Practically speaking, what this means is that references to taxonomic names in a metadata record today will be ambiguous in the future unless further detail is provided about the specific taxon concept that was meant by using that name label. This includes rearrangements of taxa in various parent taxa, which are subject to the same issues. So, our best practices are to: 1) unambiguously reference both a taxon name and the identifier of the taxon concept you are referring to; and 2) only directly reference taxa that you directly identified or determined (and not their parent taxa, which differ according to different classifications through time).

robyngit commented 1 year ago

Related: https://github.com/NCEAS/metacatui/issues/200, https://github.com/NCEAS/metacatui/issues/322

yvanlebras commented 1 year ago

Yes, another important feature! Is it also possible to think about proposing an automatic fill of taxon id and name + inference of all upper level taxon id and names as we are doing in EML assembly line / MetaShARK? Proposing authorities like itis, worms, gbif notably and related API?

robyngit commented 1 year ago

Definitely, @yvanlebras, we would like to have a feature that connects to a taxon database API in the taxon editor (planned here https://github.com/NCEAS/metacatui/issues/2090).

Though it's important to note that for the reasons outlined by Matt above, our best practice recommendation is not to fill in all of the upper level taxon ranks:

only directly reference taxa that you directly identified or determined (and not their parent taxa, which differ according to different classifications through time).

yvanlebras commented 1 year ago

Thank you for your feedback!
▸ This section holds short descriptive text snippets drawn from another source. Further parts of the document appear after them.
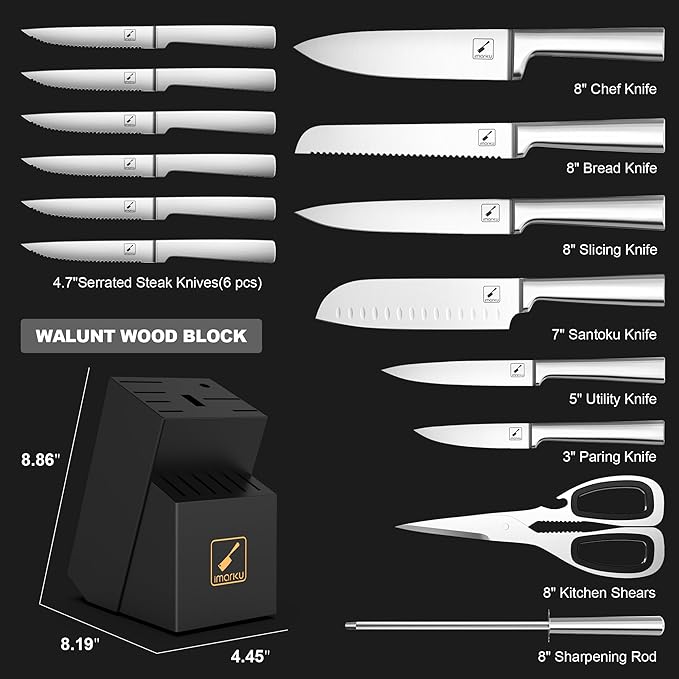 imarku Knife Set - 15PCS Kitchen Knife Set Japanese High Carbon Stainless Steel Knives Set for Kitchen, Dishwasher Safe Ultra Sharp Professional Chef Well Balance Utility Knives, Black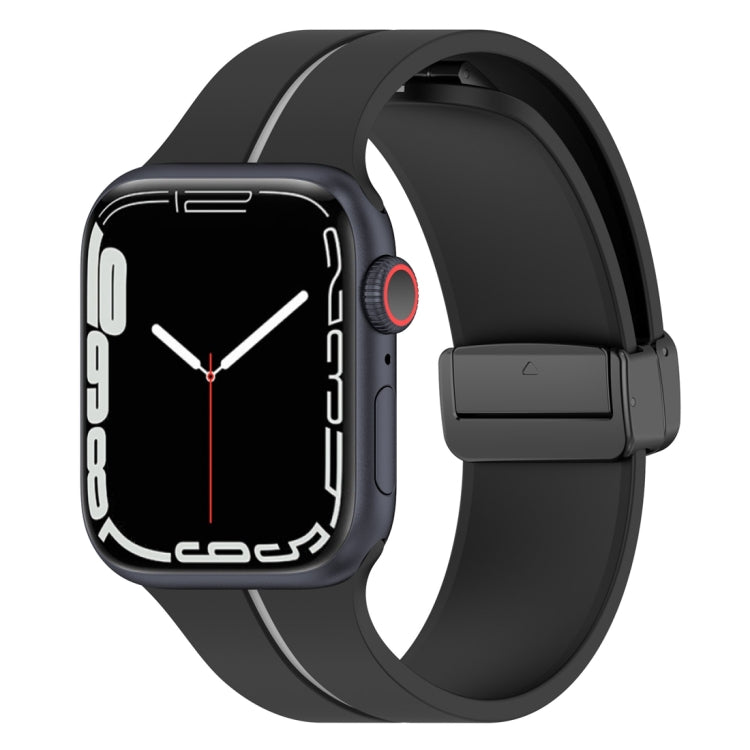 Two Color Folding Buckle Silicone Watch Band For Apple Watch 5 44mm(Black+Grey) -  by PMC TechLife | Online Shopping South Africa | PMC TechLife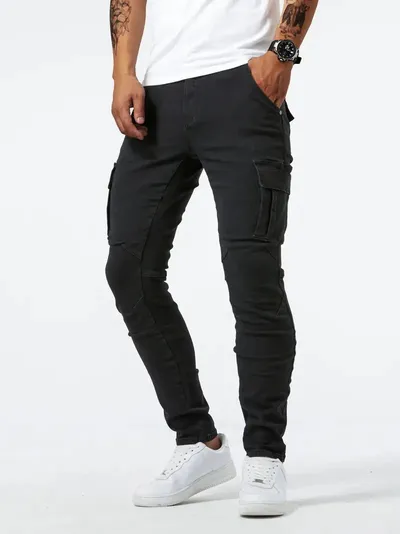 Man's Casual Cargo Pants Stylish Tide Brand Stretch Pants Spring Summer Grey Brand New Fit Straight Lightweight Jeans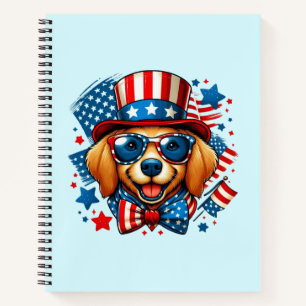 4. Juli USA Patriotischer Hund Unabhängigkeitstag Notizbuch
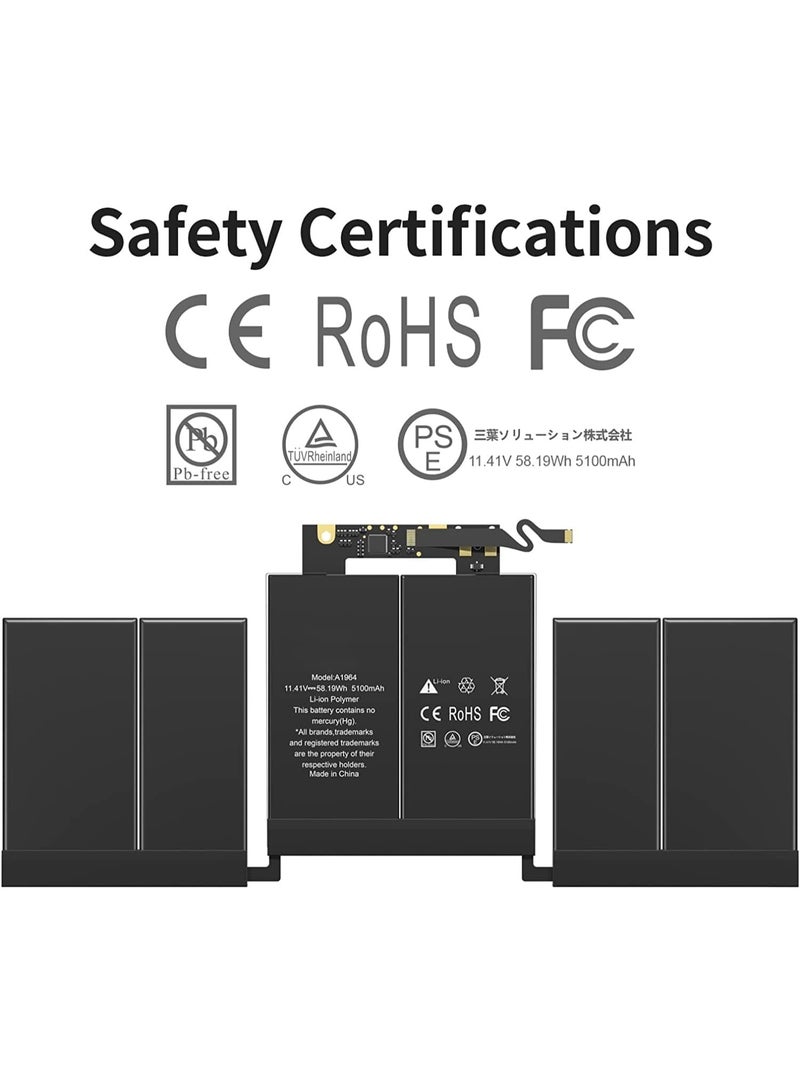 Terabyte REPLACEMENT A1989 A1964 Laptop Battery Compatible for MacBook Pro 13 Inch A1989 Mid 2018 2019 EMC 3214 3358 BTO/cto Touch Bar MR9Q2LL/A MR9R2LL/A MR9T2LL/A MR9U2LL/A MR9V2LL/A MV962LL/A - Image 3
I can understand the metionned point on having all the upper level taxon rank BUT it seems to me this provide much higher capabilities to discover / search / find datasets isn't it ? On way to avoid having it on the metadata document but having possibility to search for can be to have, on metacat/metacatui, some "intelligence" to propose such upper levels "on the fly"... Just 1,5 cents ;) Moreover, if we have the upper level taxon ranks from an authority with a date, we have provenance so it is not so a big isue, "just" reflecting the knwoledge at the time the metadata was generated no ?

robyngit commented 1 year ago

On way to avoid having it on the metadata document but having possibility to search for can be to have, on metacat/metacatui, some "intelligence" to propose such upper levels "on the fly"... J

@yvanlebras you are absolutely correct, in our current interface, filling in only the leaf taxa will limit the findability of datasets. @mbjones and I were very recently discussing the idea of incorporating a taxon-lookup service into the search similar to what you described. It's been a long-term goal, but we haven't developed it yet. I made a new issue for this, please feel free to add any and all ideas and feedback you may have!! :)

Moreover, if we have the upper level taxon ranks from an authority with a date, we have provenance so it is not so a big isue, "just" reflecting the knwoledge at the time the metadata was generated no ?

This is an interesting point, I wonder if @mbjones has feedback on this one.